Provided information =>

==================================================

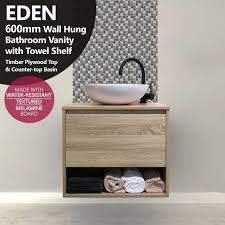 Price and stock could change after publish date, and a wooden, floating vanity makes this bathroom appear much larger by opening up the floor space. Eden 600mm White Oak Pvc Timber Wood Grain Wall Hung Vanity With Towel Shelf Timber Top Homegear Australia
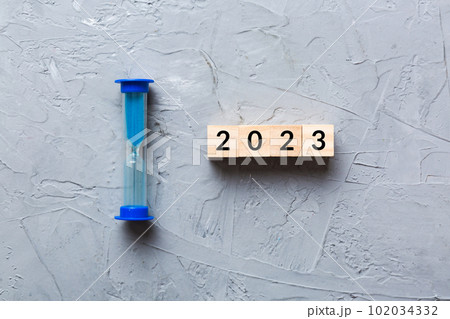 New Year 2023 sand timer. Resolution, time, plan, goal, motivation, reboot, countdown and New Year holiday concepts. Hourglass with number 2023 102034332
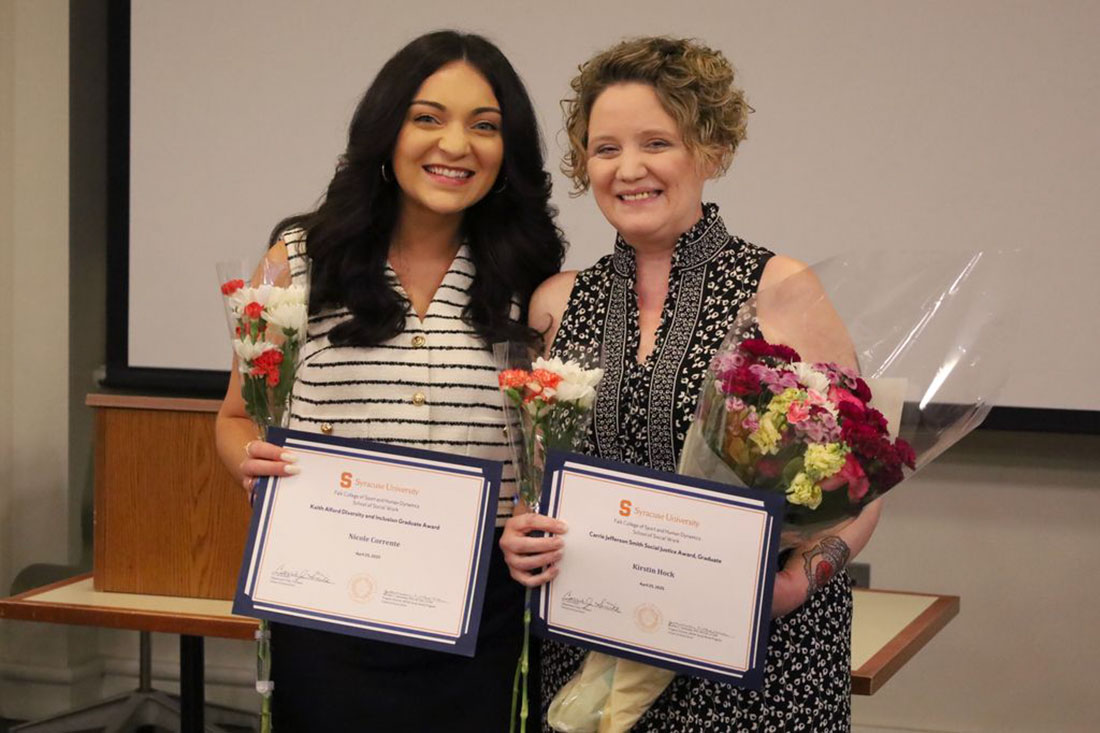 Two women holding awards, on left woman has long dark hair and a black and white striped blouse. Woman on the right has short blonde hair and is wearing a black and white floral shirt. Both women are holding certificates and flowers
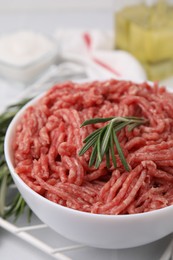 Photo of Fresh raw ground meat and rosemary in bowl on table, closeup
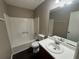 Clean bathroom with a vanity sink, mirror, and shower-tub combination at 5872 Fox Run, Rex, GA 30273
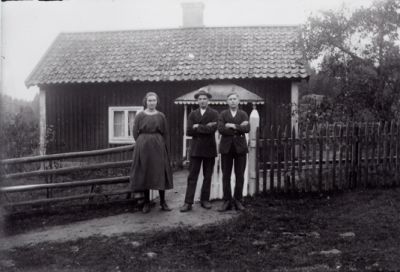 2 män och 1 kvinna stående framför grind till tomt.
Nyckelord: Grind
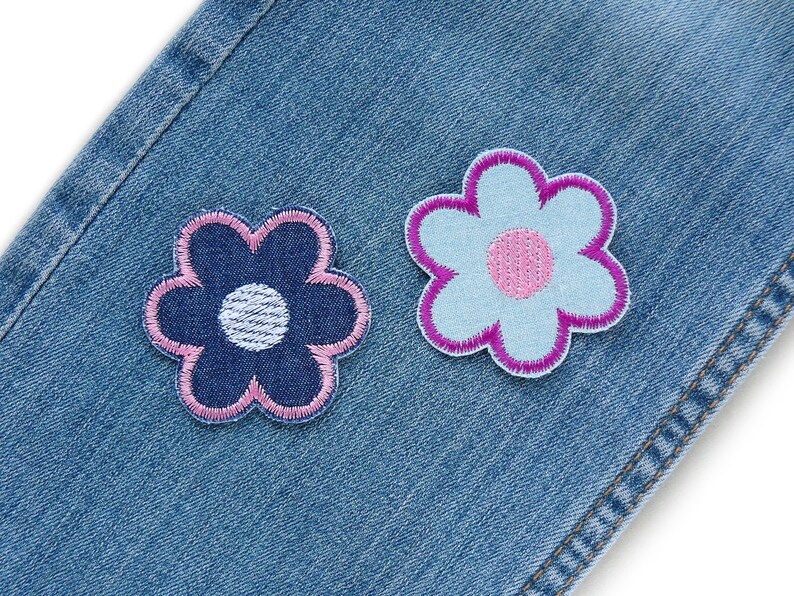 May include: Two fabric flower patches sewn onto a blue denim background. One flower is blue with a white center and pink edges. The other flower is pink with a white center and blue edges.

==================================================

Requirement => Once the line containing "2 män och 1" has been located, transcribe exactly and only every line from the first line of the entries through it, excluding pictures.

Answer area =>
 Price and stock could change after publish date, and a wooden, floating vanity makes this bathroom appear much larger by opening up the floor space. Eden 600mm White Oak Pvc Timber Wood Grain Wall Hung Vanity With Towel Shelf Timber Top Homegear Australia
 New Year 2023 sand timer. Resolution, time, plan, goal, motivation, reboot, countdown and New Year holiday concepts. Hourglass with number 2023 102034332
 Two women holding awards, on left woman has long dark hair and a black and white striped blouse. Woman on the right has short blonde hair and is wearing a black and white floral shirt. Both women are holding certificates and flowers
 Photo of Fresh raw ground meat and rosemary in bowl on table, closeup
 Clean bathroom with a vanity sink, mirror, and shower-tub combination at 5872 Fox Run, Rex, GA 30273
 2 män och 1 kvinna stående framför grind till tomt.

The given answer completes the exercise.